OLYMPIC VALLEY, Calif. — Squaw Valley Alpine Meadows met requests for more detailed information regarding potential health issues with an extensive statement issued November 30. Potential public health issues were self-reported to the Placer County Department of Environmental Health after unusually heavy October rains affected isolated water systems. Improvements over the summer to the four wells and water systems of the upper mountain made them susceptible to contamination during the unusual weather event. Routine testing at the beginning of November showed the presence of E. coli and coliform bacteria in water, but that water was not distributed to the public.

 

It is important to note that no health issues have been reported thanks to Squaw Valley’s pro-active approach. The water has been treated and regular testing continues, with good results and the expectation of a favorable resolution to this issue.
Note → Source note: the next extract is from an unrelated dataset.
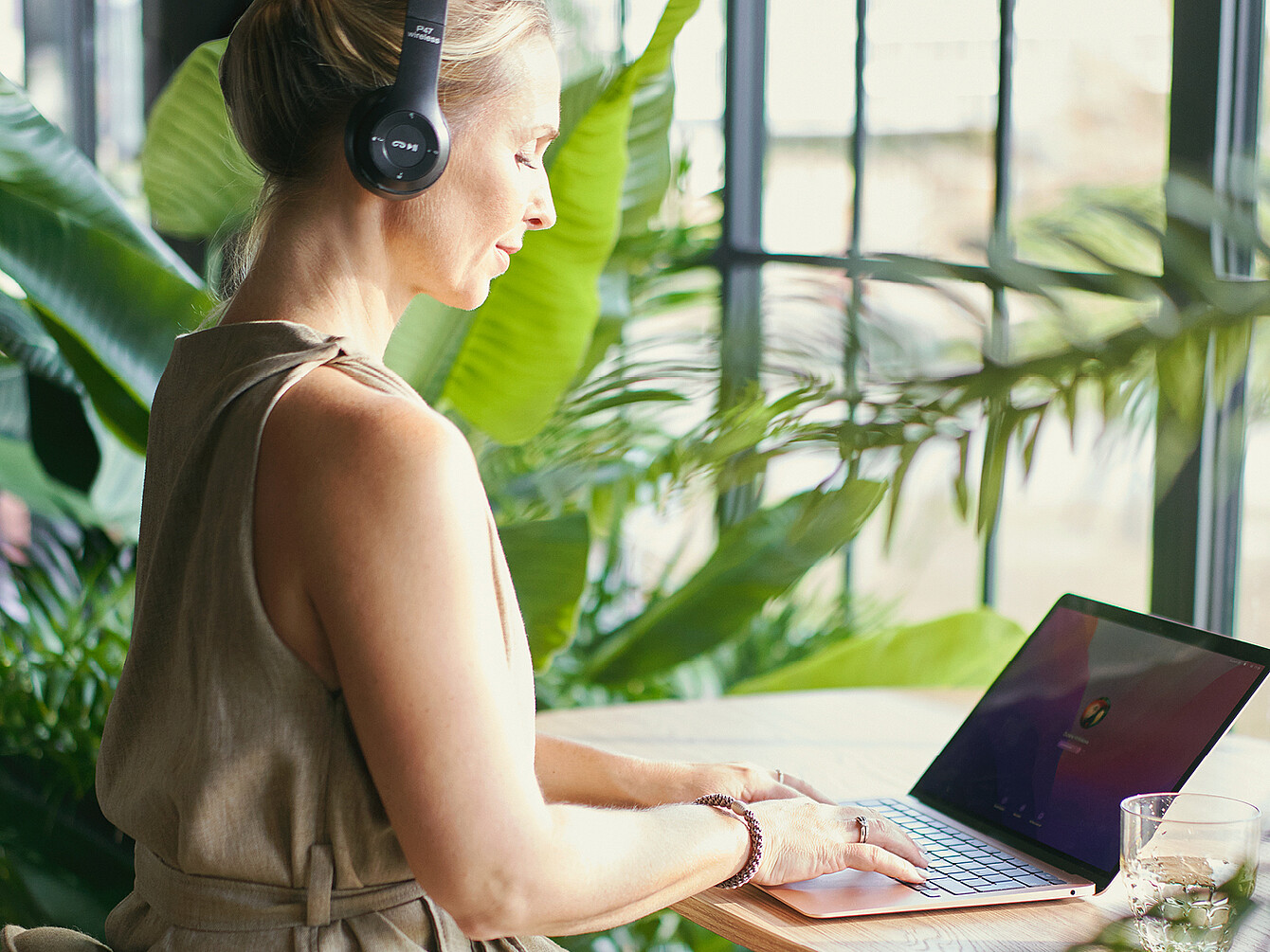 : Persona con cuffie che lavora su un laptop a un tavolo di legno circondato da grandi piante verdi in un Garden Work Café.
Although restaurants on the upper mountain did have to close, skiing was uninterrupted by the water issues. No other water systems were affected, and guests at High Camp and Gold Coast were given free bottled waters to drink instead.

 

Acting with the assistance of Placer County Environmental Health and the Squaw Valley Public Service District, resort officials acted swiftly to ensure the health and safety of the public. Flushing the system with chlorine and sodium hydrochloride treatments has eliminated the E. coli presence and reduced coliform levels in three of the four wells. This means that the water can be used for sanitation purposes, though not as drinking water at this stage. Full services will be resumed as soon as experts can confirm water in the system has returned to normal safety levels.